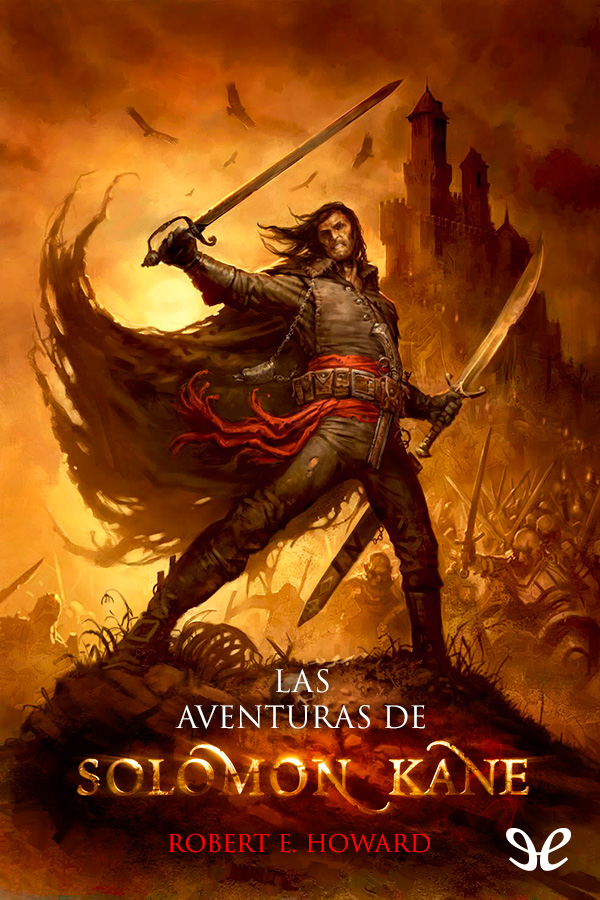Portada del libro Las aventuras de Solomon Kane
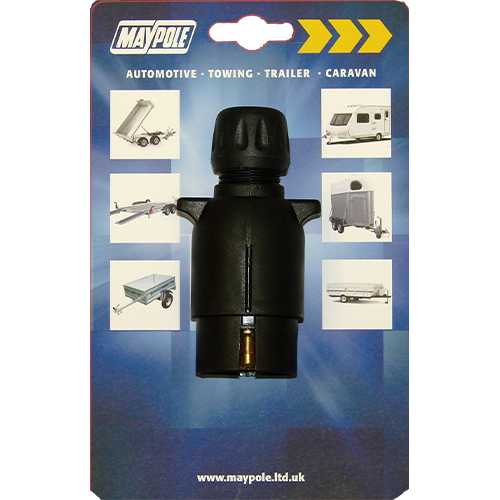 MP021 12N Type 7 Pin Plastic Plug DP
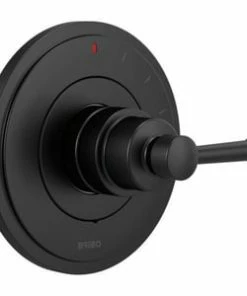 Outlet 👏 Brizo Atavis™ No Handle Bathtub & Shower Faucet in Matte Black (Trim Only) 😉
* * *
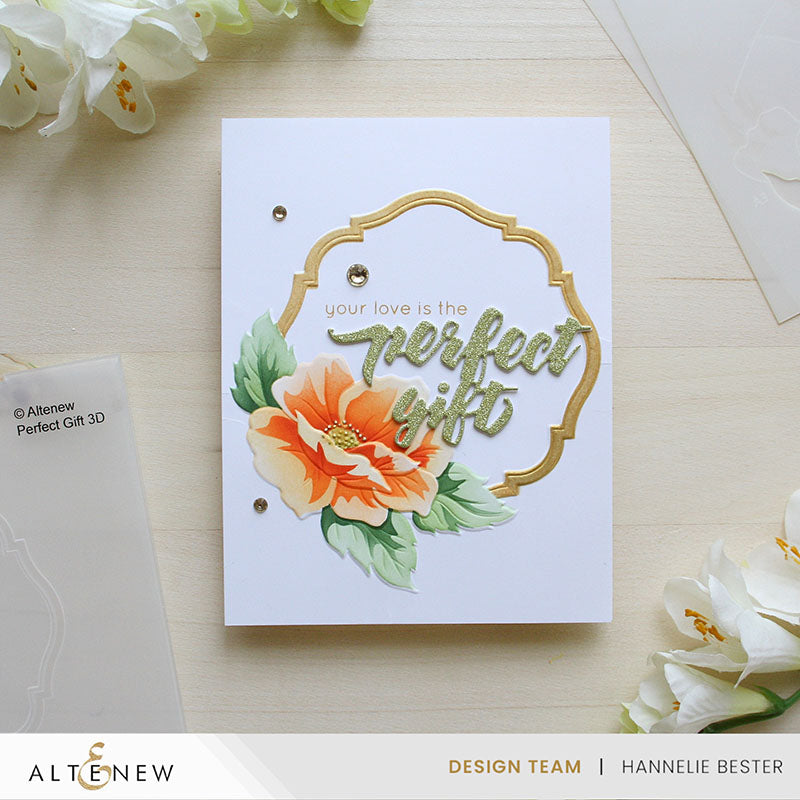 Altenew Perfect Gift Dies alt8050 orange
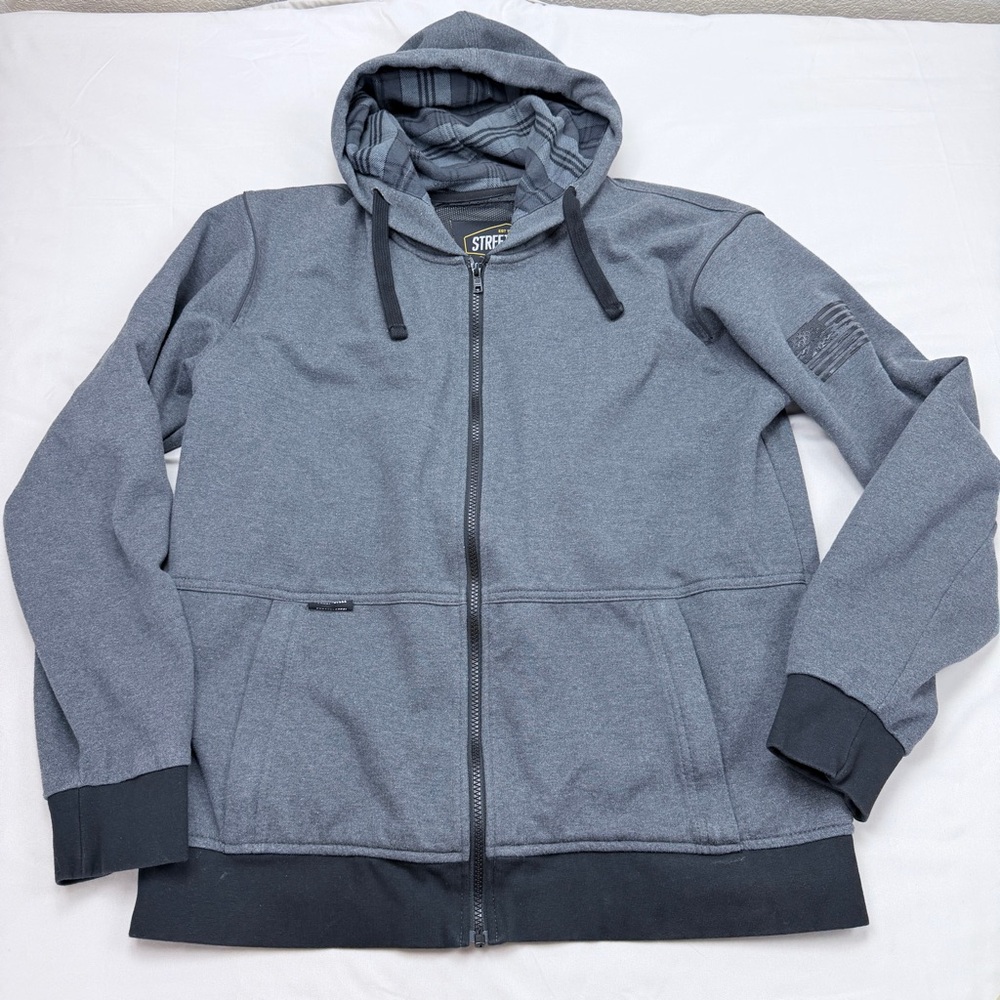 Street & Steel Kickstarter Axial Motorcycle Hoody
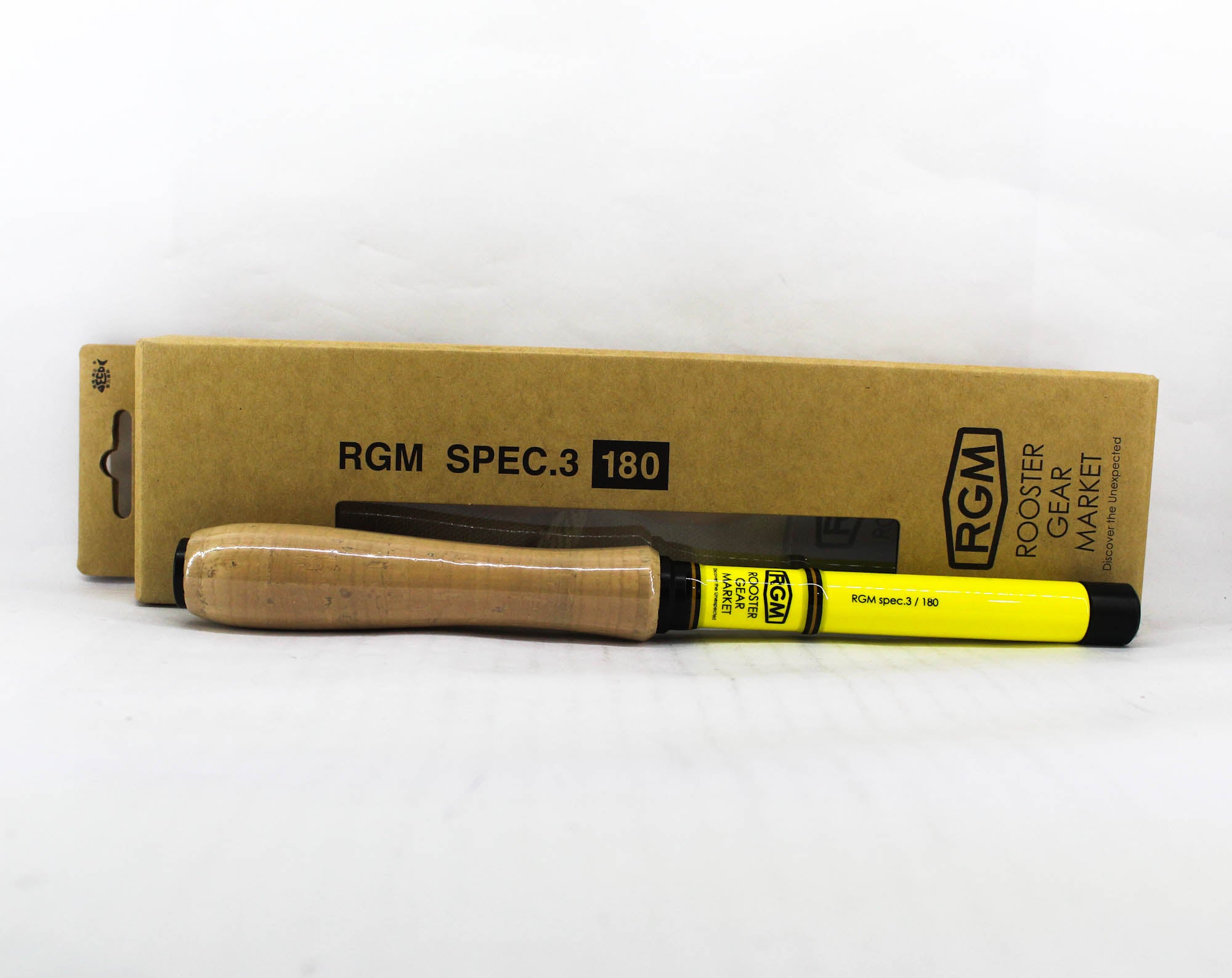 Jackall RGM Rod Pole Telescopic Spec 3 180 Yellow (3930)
---
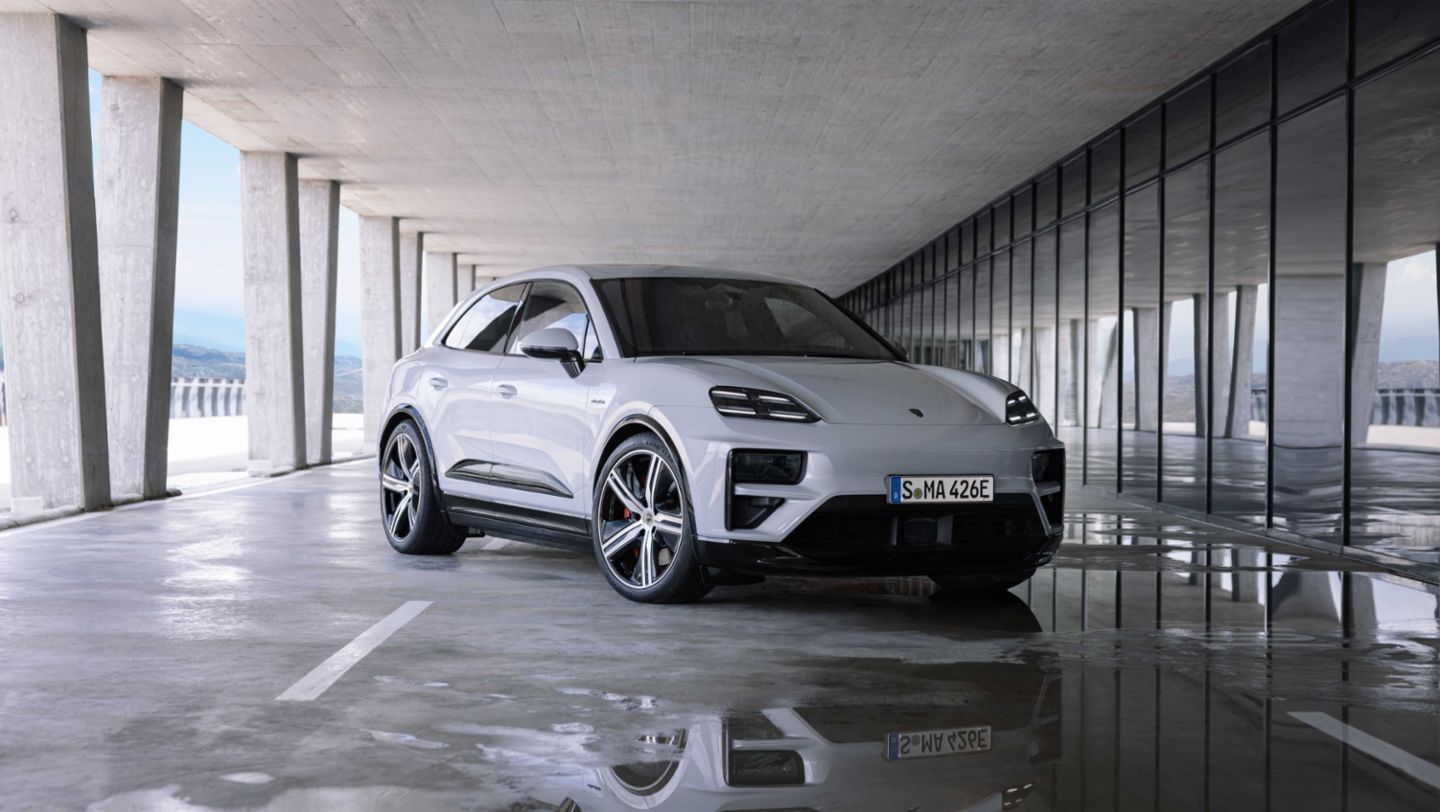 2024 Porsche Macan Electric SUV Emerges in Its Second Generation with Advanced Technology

WHAT YOU NEED TO DO
Each line between the one holding "Street & Steel" and the one holding "Jackall RGM Rod", inclusive, should be copied exactly as it appears above, and pictures should be omitted.

ANSWER BOX
 Street & Steel Kickstarter Axial Motorcycle Hoody
 Jackall RGM Rod Pole Telescopic Spec 3 180 Yellow (3930)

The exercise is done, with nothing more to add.